Tuesday 7 July 2015

135,000 mortgages now in arrears

Published 13/12/2012 | 11:34

Latest figures show more than 11 per cent of mortgages were three months behind in repayments at the end of September
Latest figures show more than 11 per cent of mortgages were three months behind in repayments at the end of September

More than 135,000 mortgages are behind in repayments, official figures have revealed.

The latest Central Bank report on the debt crisis shows almost 11.3% of mortgages were three months behind in repayments at the end of September.

Figures showed that 86,146 mortgage accounts were in arrears of more than 90 days. A further breakdown of the state of the residential property market revealed that 49,482 accounts were classed as being up to three months behind in repayments.

Some 18,745 mortgage accounts were classed as being between 90 and 180 days in arrears, the Central Bank said.

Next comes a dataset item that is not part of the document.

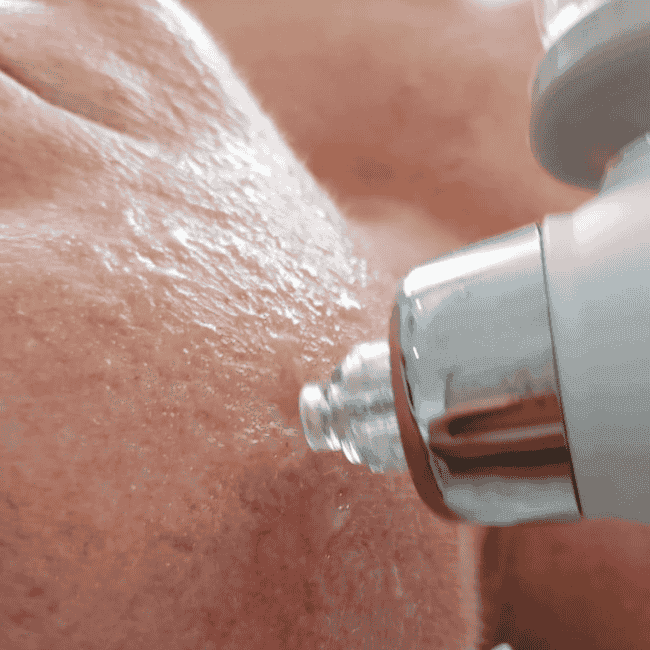 oxybrazja - zabieg przeprowadzany na twarzy klientki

The number of restructured mortgages was 81,683 at the end of September.

In its latest report on the housing crisis, the Central Bank said the pace of increase in arrears cases of more than 90 days has slowed further. Other figures from the bank showed that 26,770, 17.9%, of accounts in the buy-to-let sector were in arrears of more than 90 days at the end of September.

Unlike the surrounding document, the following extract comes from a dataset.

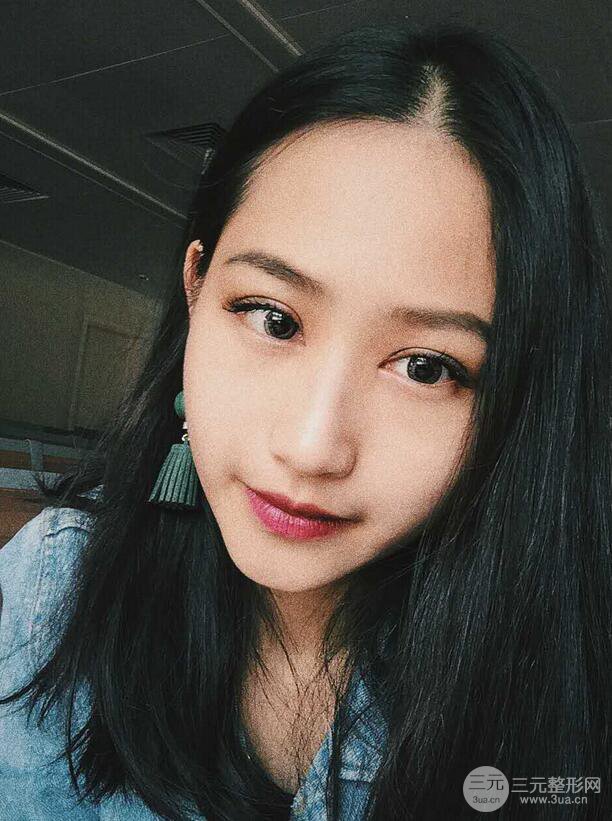 廣州曙光劉杰偉醫(yī)生切開(kāi)雙眼皮案例，前后對(duì)比圖分享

Noeline Blackwell, director general of the Free Legal Advice Centres (Flac), said arrears levels have increased over the 13 reports. "The arrears crisis continues to be serious but is not unexpected. No durable, long-term solutions have been put in place. Lenders continue to adopt a sticking-plaster approach to the problem," she said. Flac also pointed to the 19,541 households in arrears for two years or more and on average owe arrears of more than 40,000 euro.

The report was published as Justice Minister Alan Shatter rejected suggestions that repossession levels would surge as the Government is committed to reforming laws in the area amid demands from the bailout Troika. A loophole which bars banks from repossessing homes in some circumstances is to be closed.

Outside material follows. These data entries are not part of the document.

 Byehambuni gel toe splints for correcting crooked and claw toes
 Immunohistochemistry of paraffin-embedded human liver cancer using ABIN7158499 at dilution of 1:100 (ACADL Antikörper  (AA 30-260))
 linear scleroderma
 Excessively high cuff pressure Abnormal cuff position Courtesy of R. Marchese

David Hall and economist Dr Constantin Gurdgiev, of the Irish Mortgage Holders Association, said the crisis was out of control. "A generation of Irish people are now locked into an endless battle of attrition with the banks," they said. "It must be internationally unprecedented for a Taoiseach, Tanaiste, the Governor of the Central Bank and head of banking regulation all to state their dissatisfaction with how banks are dealing with mortgage holders, while at the same time not acting to deliver real policy solutions and changes. This Government is now fully paralysed by the crisis. Leadership is now required to ensure we do not lose a generation to over-indebtedness."

In terms of repossessions, at the beginning of September banks held 944 repossessed homes on their books. The report showed that 79 court orders were granted to allow houses to be repossessed in the third quarter. It also said that 154 properties were repossessed by lenders in the three months to the end of September - 47 following a court order and 107 voluntarily surrendered or abandoned.

Michael McGrath, Fianna Fail finance spokesman, said the figures showed a property tax should not be introduced now. "This property tax will push many ordinary families over the edge and should be abandoned before it is too late," he said.